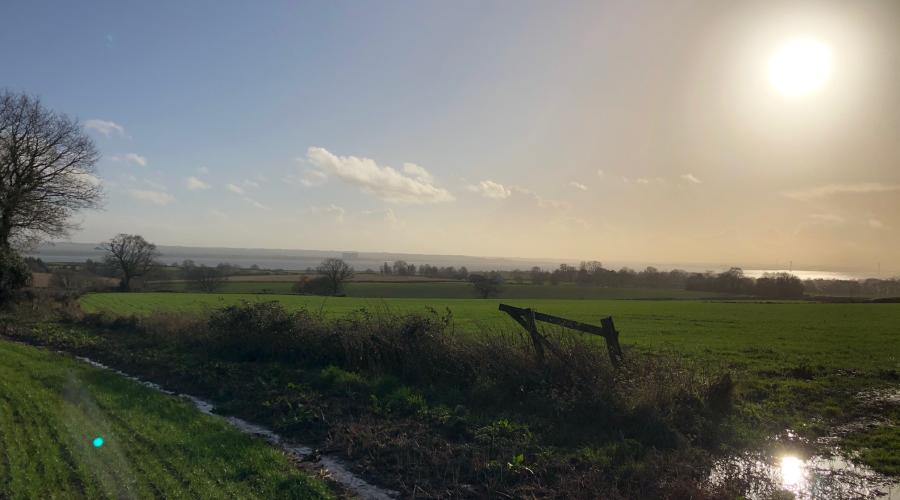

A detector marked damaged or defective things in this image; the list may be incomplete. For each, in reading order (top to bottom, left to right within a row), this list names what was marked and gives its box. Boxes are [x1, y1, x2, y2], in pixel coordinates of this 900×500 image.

broken fence rail [496, 300, 624, 368]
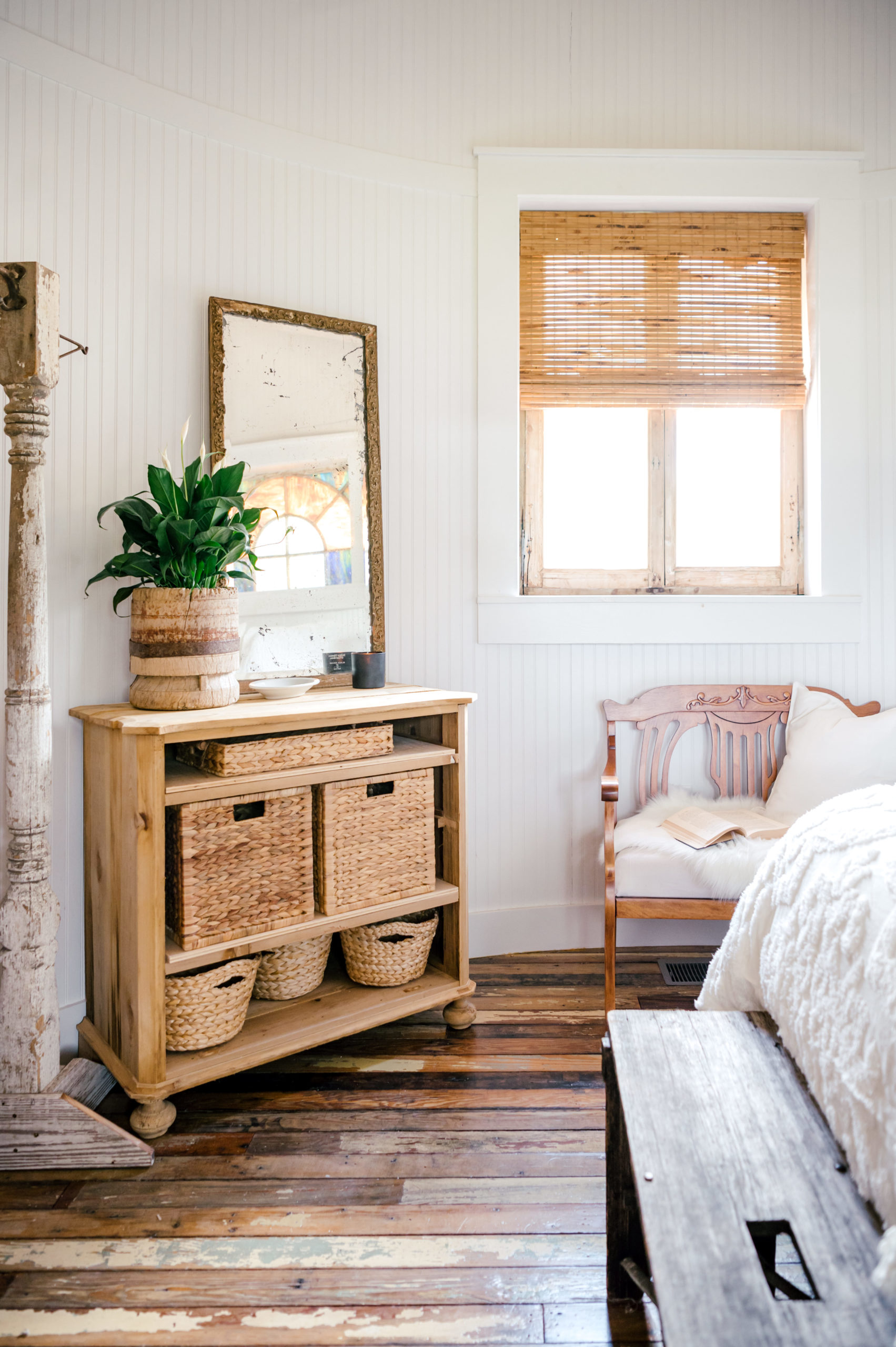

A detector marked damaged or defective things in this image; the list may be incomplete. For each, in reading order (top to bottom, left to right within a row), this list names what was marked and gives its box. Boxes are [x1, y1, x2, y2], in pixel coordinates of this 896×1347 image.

peeling white paint on post [0, 263, 61, 1093]
peeling white paint on post [0, 1233, 603, 1266]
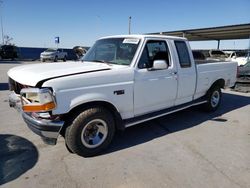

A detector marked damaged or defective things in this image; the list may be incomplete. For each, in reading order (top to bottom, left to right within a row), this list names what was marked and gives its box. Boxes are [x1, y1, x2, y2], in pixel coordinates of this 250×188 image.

crumpled hood [7, 61, 110, 86]
exposed wheel well [61, 101, 124, 135]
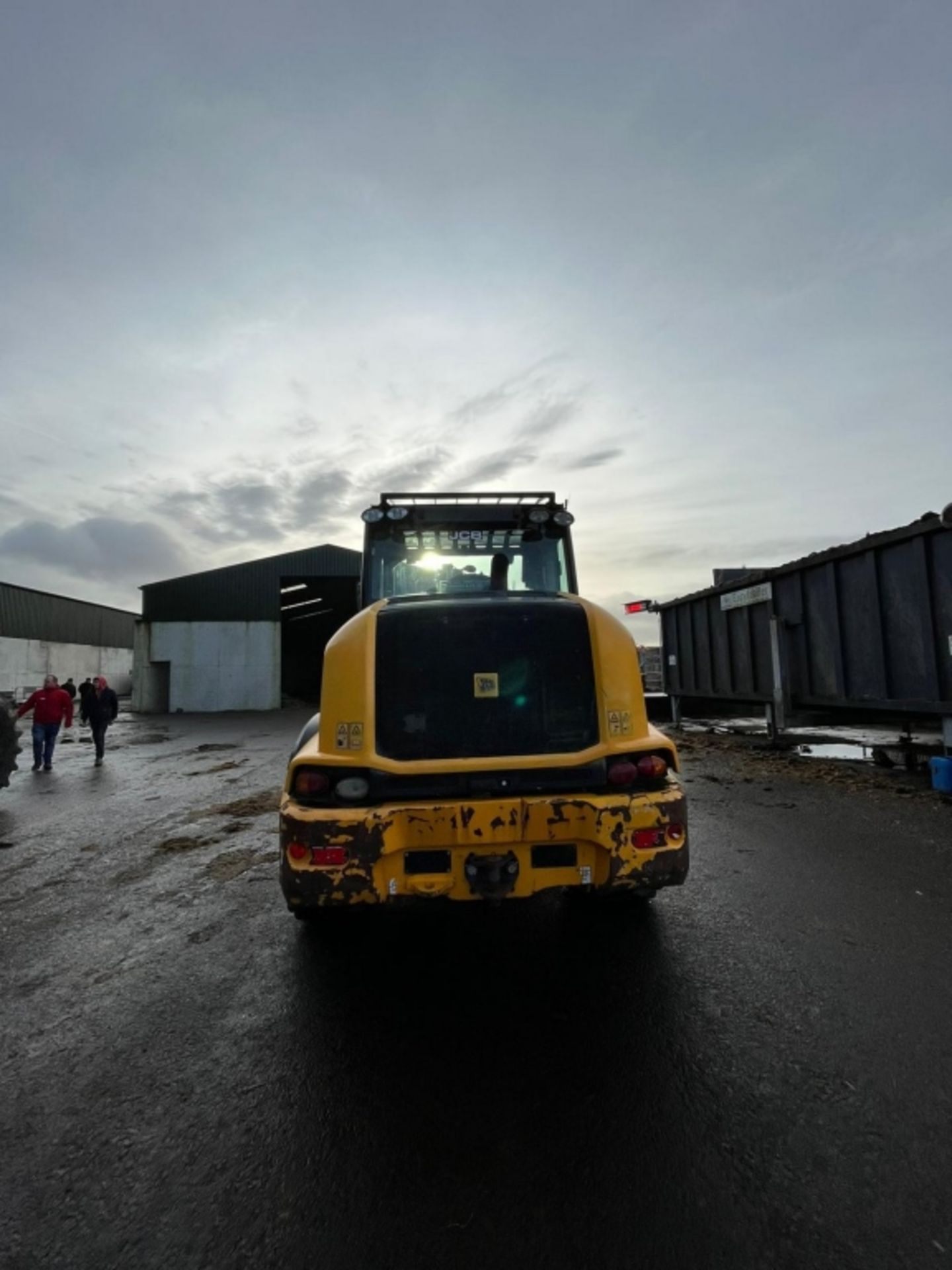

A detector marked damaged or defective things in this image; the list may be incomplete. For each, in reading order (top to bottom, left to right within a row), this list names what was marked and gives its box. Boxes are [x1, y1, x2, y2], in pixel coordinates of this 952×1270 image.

rusty bumper paint [279, 777, 690, 909]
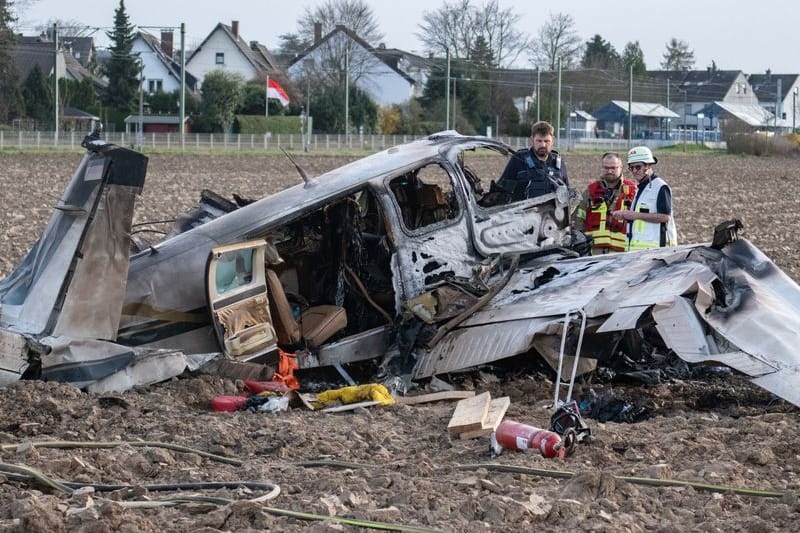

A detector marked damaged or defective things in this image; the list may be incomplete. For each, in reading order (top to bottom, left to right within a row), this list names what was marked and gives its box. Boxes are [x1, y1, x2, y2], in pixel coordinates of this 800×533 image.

crashed airplane wreck [1, 131, 800, 406]
charred metal panel [410, 316, 552, 378]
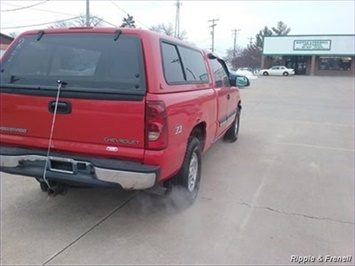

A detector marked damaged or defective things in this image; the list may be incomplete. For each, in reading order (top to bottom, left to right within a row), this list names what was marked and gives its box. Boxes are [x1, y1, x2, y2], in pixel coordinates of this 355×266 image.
☆ ☆ ☆ ☆ ☆
PROBLEM TO SOLVE :: Retype the records above exactly. Leave the pictures out.

TASK RESPONSE ::
A detector marked damaged or defective things in this image; the list may be incomplete. For each, in reading order (top to bottom, left to right within a row), this list names what was marked and gives its box. Boxes are [x1, y1, x2, y2], in pixel coordinates of this 900×500 image.

broken fence rail [496, 300, 624, 368]

A detector marked damaged or defective things in this image; the list may be incomplete. For each, in reading order (top to bottom, left to right within a row), this list names what was marked and gives its box. Boxes are [x1, y1, x2, y2], in pixel coordinates of this 896×1347 image.

peeling white paint on post [0, 263, 61, 1093]
peeling white paint on post [0, 1233, 603, 1266]

A detector marked damaged or defective things in this image; the list may be incomplete. For each, in reading order (top to bottom, left to right within a row), this list names what was marked and gives its box. Boxes are [x1, y1, x2, y2], in pixel coordinates of this 250×188 image.

crumpled hood [7, 61, 110, 86]
exposed wheel well [61, 101, 124, 135]

A detector marked damaged or defective things in this image; the list may be incomplete. For each, in reading order (top to bottom, left to right within a row), this list names what was marked and gives its box. Boxes are [x1, y1, x2, y2], in pixel coordinates of this 952×1270 image.

rusty bumper paint [279, 777, 690, 909]

A detector marked damaged or defective things in this image; the list may be incomplete. For each, in reading order (top to bottom, left to right within a row), this list names what was marked and gives its box. Boxes are [x1, y1, x2, y2], in pixel coordinates of this 800×533 image.

crashed airplane wreck [1, 131, 800, 406]
charred metal panel [410, 316, 552, 378]

A detector marked damaged or defective things in this image; the list may be incomplete. For each, in reading order (top to bottom, left to right within a row), this list names what was marked and gives its box. Boxes are [x1, y1, x2, y2], in pixel coordinates of this 355×266 image.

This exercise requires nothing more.